A female patient's drawing of how she feels when suffering from the Moody Blues.

Over 94% of sufferers of The Moody Blues first become symptomatic on a Tuesday afternoon. They develop a compulsion to chase the clouds away and feel drawn to trees. Then they are really on their way - they begin to hear gentle voices and see reflections of their minds everywhere they look. Patients may try to explain it all with a sigh, but are almost always unsuccessful. In the later stages of an attack, some hours after onset, the patient will feel that nothing matters to him or her, and will typically bemoan the feeling of being caught swaying in a fairy-land of love lost. One patient in1977 claimed to feel he had been through the desert on a horse with no name, but he subsequently died of Botulism and was determined by doctors not to have suffered from The Moody Blues at all. Patients may also be obsessed with their children's children's children's children.

Diagnosis[edit]

Only a medical professional can diagnosis The Moody Blues. In fact, the condition is one of the most-often falsely self-diagnosed illnesses in the Western world. This stems from the fact that the Moody Blues can mimic the symptoms of many other mental disorders, ranging from Schizophrenia to Depression to Baron Harkonnen's Disease.

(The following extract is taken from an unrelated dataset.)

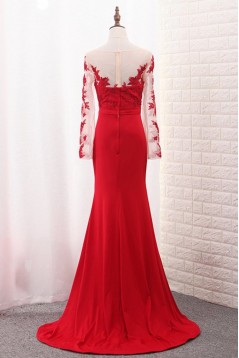 Long Sleeves Lace Mermaid Red Mother of the Bride Dresses 702089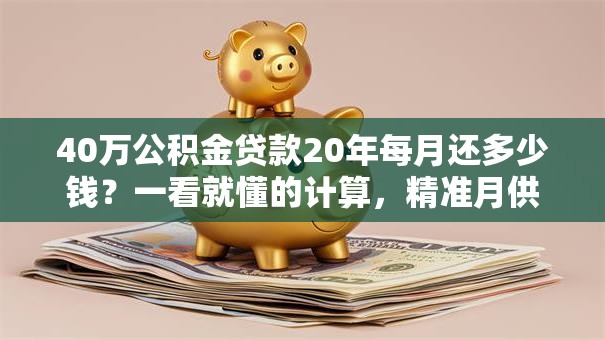 40万公积金贷款20年每月还多少钱？一看就懂的计算，精准月供数字在这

Doctors will use the criteria of the DSM-IV when first testing a patient for the Moody Blues. First, the patient will be asked to fill out a questionnaire written in broken-English (regardless of which language the patient speaks). The questionnaire is just a facade meant to distract the sufferer while gauging his or her reaction to sitar music that the doctor will play in the background. Second, the patient must be filmed doing demanding physical exercise in the nude. If the sound of clapping, cymbals, or falsetto singing emanates from the patient, then there is a 100% chance that the patient is suffering from the Moody Blues.

Actors have also been observed contemplating the sound that they have heard in some person's hello, vocally expressing this in a sound much like a combination of a crying 38-year-old man and a rabid wolf. Mailmen have also been seen recovering from extreme bouts of rhetorical questions, such as "Why do we never get an answer when we're knocking at the door, with a thousand million questions about hate and death and war?" (The answer to this question is the fact that they are there to deliver mail, not take polls. Keep in mind that these mailmen are mentally unstable.)

Prognosis and Treatment[edit]

There is no cure for the Moody Blues. However, patients can live a "normal" life by following a strict treatment regimen that includes all of the following: (1) avoiding consciousness on Tuesday afternoons; (2) never spending a night in white satin; and (3) listening to a healthy diet of new-wave 80's music by bands such as Duran Duran and The Cure. Patients may also take the semi-prescription drug Zoloft, although studies show it only elevates moods slightly more than a placebo album of music by Pink Floyd. However, lingering symptoms have been observed up to ten years after the disease has subsided.